As for the crew of Apollo 17, they ended up finding some of the oldest rocks sampled on the moon in the place where the NASA geologists thought they would find the youngest. The geologists had interpreted the dark landscape as a sign of youth, the thought being that meteors had not had time yet to pound it into a lighter gray hue. But it turned out to be material forged billions of years ago in the moon’s mantle.
The moonscape being so different from what was expected only proved to Muehlberger the importance of conducting geological field work in the first place, he said in an interview with the JSC Oral History Project.
“That’s why you go and check. You can’t interpret these photographs 100 percent right all the time,” he said. “It would be nice if you could,” he added, but then quickly took it back. “No, it wouldn’t because it’s more fun going out and looking … That’s what geology’s all about, going to find out what you [were] really supposed to learn there.”
The value that Muehlberger put on from-the-ground interpretation is illustrated by how he oversaw field work on the final moon mission, Apollo 17. Instead of sticking to objectives planned 238,000 miles away on Earth, he deferred to Schmitt, the geologist on the moon. Muehlberger knew that NASA would not officially approve a flexible field work schedule, so he kept the official task list for show while the actual objectives were set by Schmitt in the moment.

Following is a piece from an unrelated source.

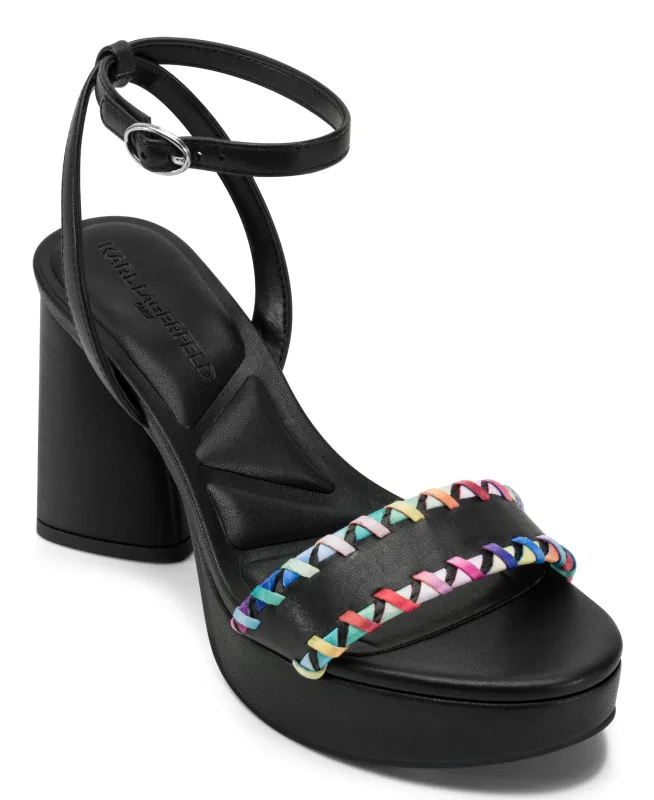 HADEN PLATFORM ANKLE STRAP SANDAL sold by Karl Lagerfeld Paris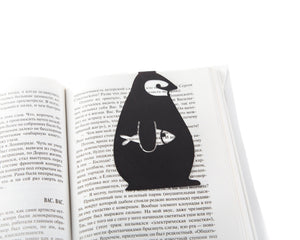 Royal Penguin Novelty Bookmark - Small Bookish Gift for Bestie, Bookworms, and Book Club Party Favors - Atelier Article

“In effect, he was running the mission from the moon. I was the official one. But what the heck? I can’t see that stuff like he can,” Muehlberger said in the JSC Oral History. “All of those within the geological world certainly knew it, and I had a sneaking hunch that the top brass knew it too, but this is a practical way out, and they didn’t object.”
The return of the Apollo 17 crew ended the era of lunar geology field work by astronauts as NASA shifted its sights toward studying the Earth. Muehlberger’s expertise in large-scale tectonic processes made him an asset to astronauts who were now tasked with observing their home planet, first from the space station Skylab, which flew from 1973 to 1979, and then aboard the Soviet spacecraft Soyuz during the Apollo-Soyuz mission of 1975. For these missions, Muehlberger taught global tectonics using aerial photographs of rift valleys, faults and mountain ranges. However, it wasn’t long until he was again in the field with astronauts. Before the launch of the first space shuttle in 1981, he met with astronaut Sally Ride, who would become the first American woman in space, and they decided that the crew would benefit from a visit to the geological features that they would be observing from orbit.
That decision led to NASA rebooting field geology training for astronauts under Muehlberger’s leadership. He ended up leading most of the space shuttle crews on four-day field trips through the geology of northern New Mexico.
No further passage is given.